Extract the whole listing as it stands. Do not include the pictures.

▶ [Data to use]
--------------------------------

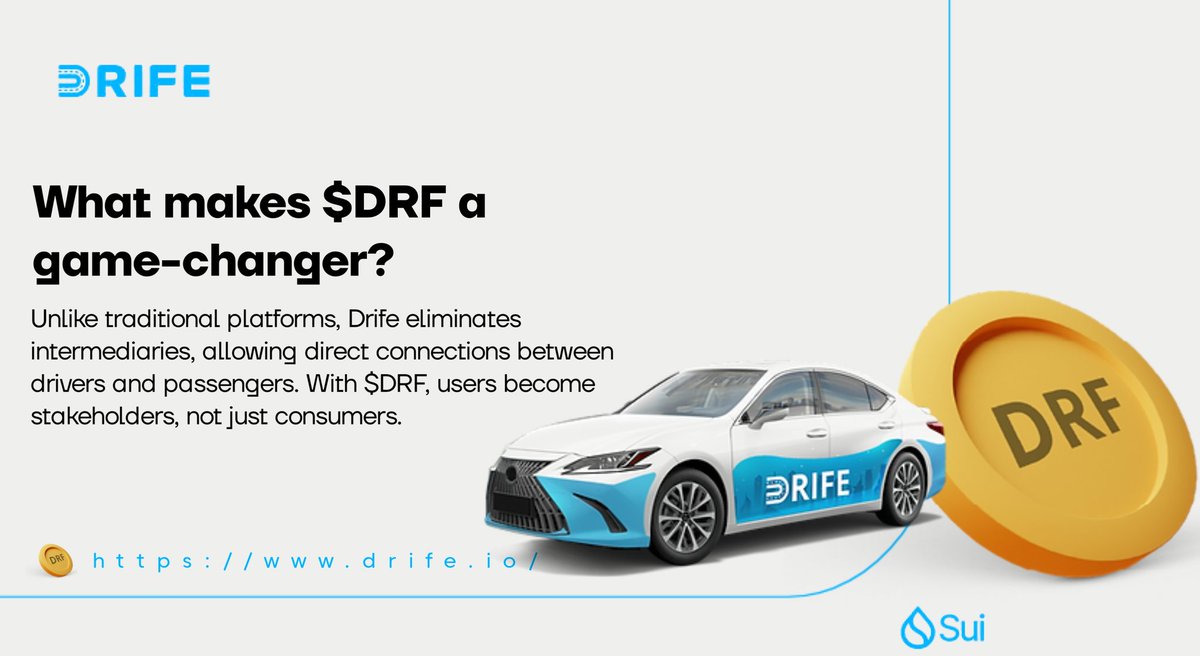 Banacubana's tweet image. The @Drife_official eliminates intermediaries, creating direct connections between drivers &amp;amp; passengers. With $DRF, users aren’t just consumers they’re stakeholders. 🌐🚖

#Drife #crypto_trading #Blockchain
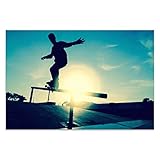 Bvkilrvc Unframed Canvas Print Wall Art,Skateboard Man Sport Modern Gallery Wall Decor Print Gift Wa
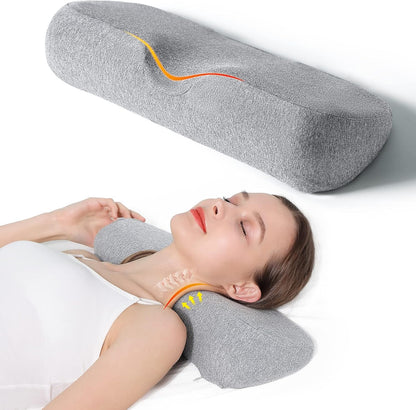 Cervical Neck Pillows for Pain Relief Sleeping, Memory Foam Neck Bolster Support Pillow and Shoulder Relaxer for Stiff Pain Relief, Neck Support Pillow Bed Neck Roll Pillow(Dark Gray)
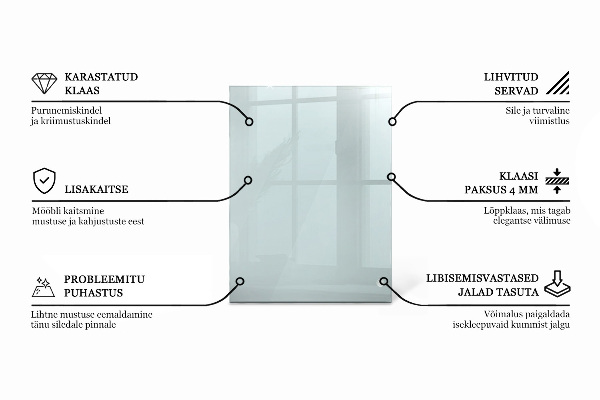 Tablero para mesa rectangular transparente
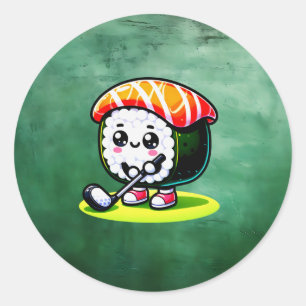Sticker Rond Kawaii Sushi jouant au golf
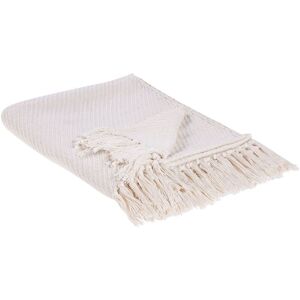 Beliani - Traditional Classic Throw Blanket Cotton Hand-Woven Accessory Fringes Beige Yarsa - Beige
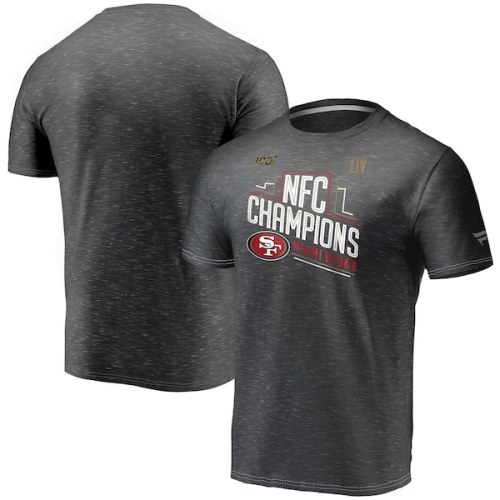 San Francisco 49ers NFL Pro Line by Fanatics Branded 2019 NFC Champions Trophy Collection Locker Room T-Shirt - Heather Charcoal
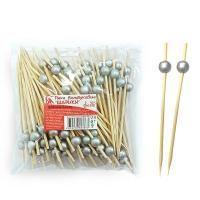 Пика для канапе Шарики серебро 12см (100шт) 1/50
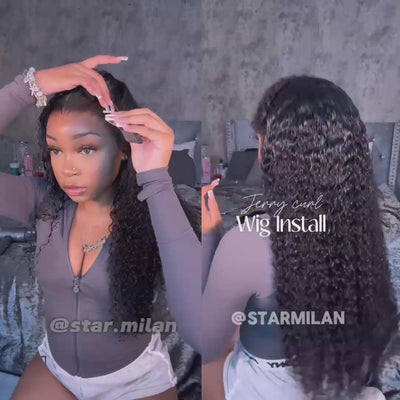 QT Jerry Curl 13x4 Transparent Lace Frontal Wig Pre Plucked Curly Human Hair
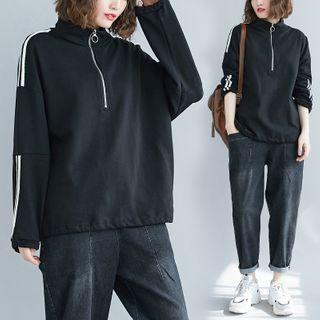 Striped Half-zip Pullover Black - One Size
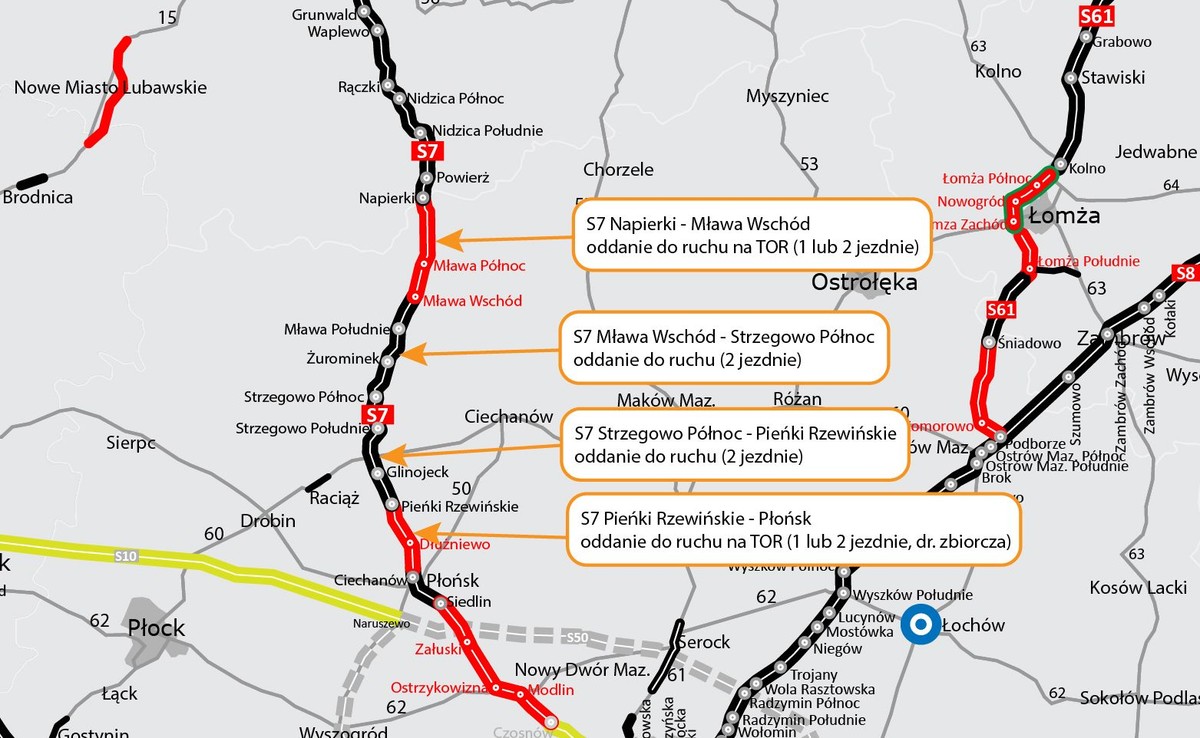 Droga ekspresowa S7 - mapa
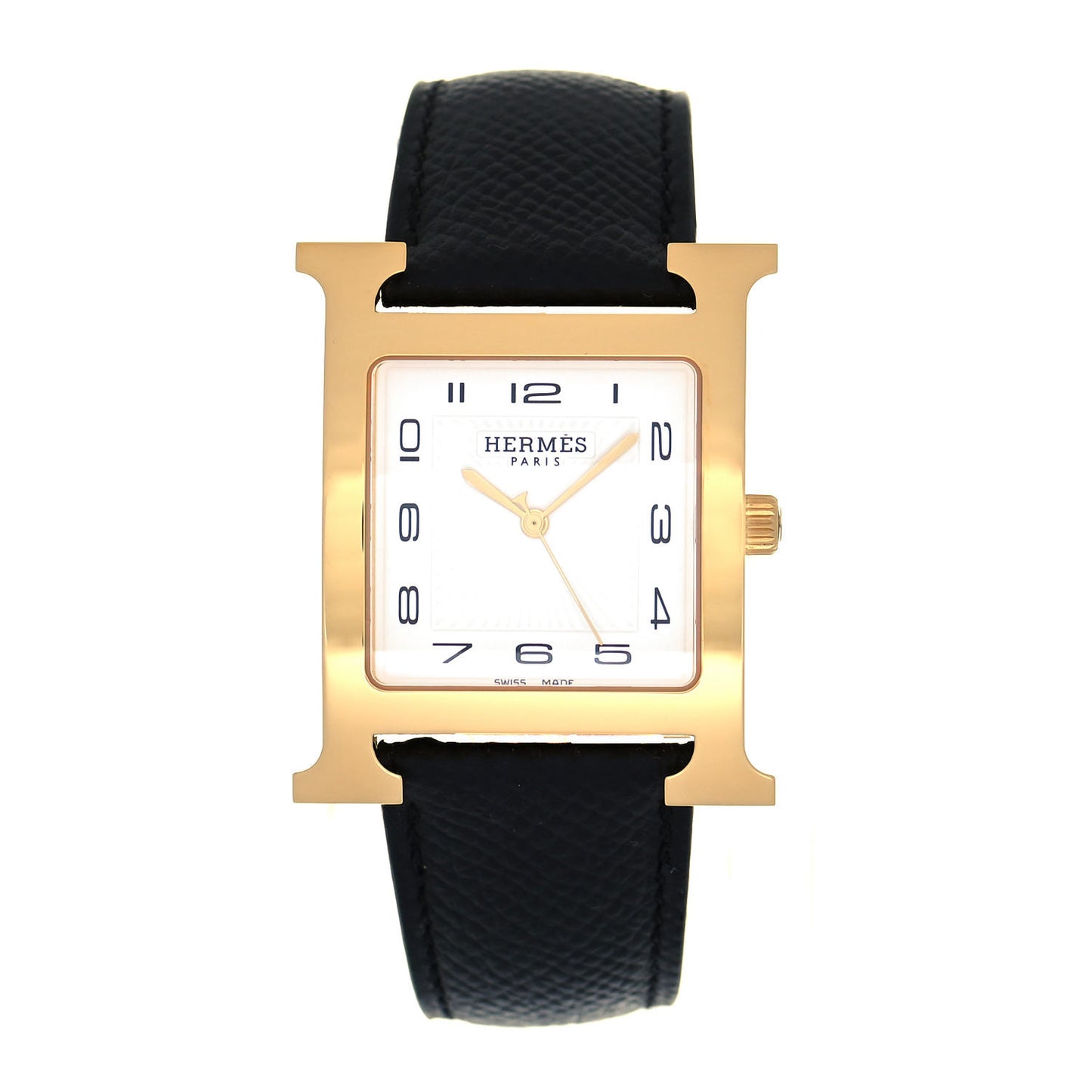 Stainless Steel Epsom 30.5mm Heure H Hour Quartz Watch Noir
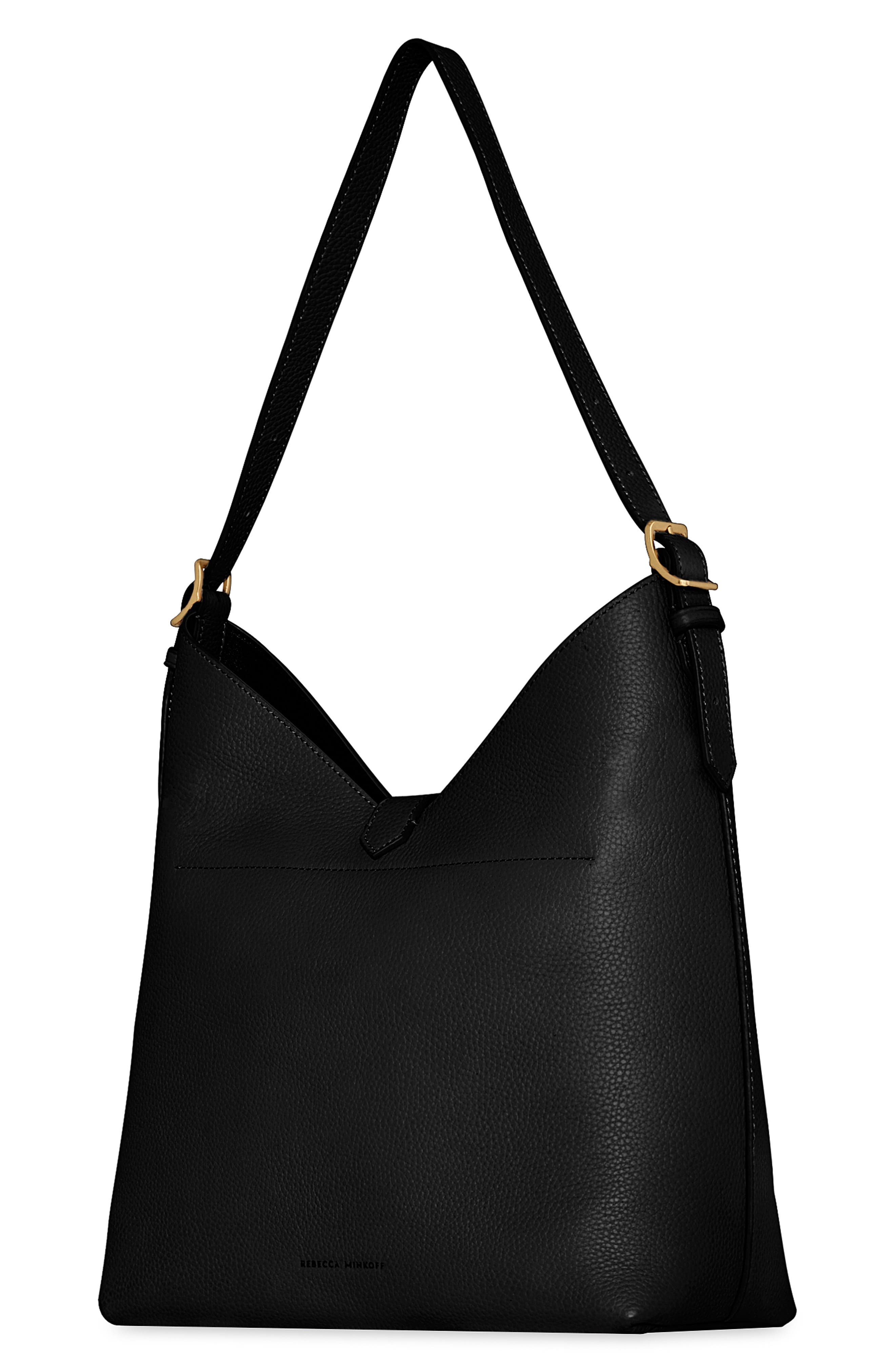 Rebecca Minkoff Mini Megan Leather Hobo Bag, Alternate, color, Black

--------------------------------

▶ [Reply]
 Banacubana's tweet image. The @Drife_official eliminates intermediaries, creating direct connections between drivers &amp;amp; passengers. With $DRF, users aren’t just consumers they’re stakeholders. 🌐🚖

#Drife #crypto_trading #Blockchain
 Bvkilrvc Unframed Canvas Print Wall Art,Skateboard Man Sport Modern Gallery Wall Decor Print Gift Wa
 Cervical Neck Pillows for Pain Relief Sleeping, Memory Foam Neck Bolster Support Pillow and Shoulder Relaxer for Stiff Pain Relief, Neck Support Pillow Bed Neck Roll Pillow(Dark Gray)
 Tablero para mesa rectangular transparente
Sticker Rond Kawaii Sushi jouant au golf
 Beliani - Traditional Classic Throw Blanket Cotton Hand-Woven Accessory Fringes Beige Yarsa - Beige
 San Francisco 49ers NFL Pro Line by Fanatics Branded 2019 NFC Champions Trophy Collection Locker Room T-Shirt - Heather Charcoal
 Пика для канапе Шарики серебро 12см (100шт) 1/50
 QT Jerry Curl 13x4 Transparent Lace Frontal Wig Pre Plucked Curly Human Hair
 Striped Half-zip Pullover Black - One Size
 Droga ekspresowa S7 - mapa
 Stainless Steel Epsom 30.5mm Heure H Hour Quartz Watch Noir
 Rebecca Minkoff Mini Megan Leather Hobo Bag, Alternate, color, Black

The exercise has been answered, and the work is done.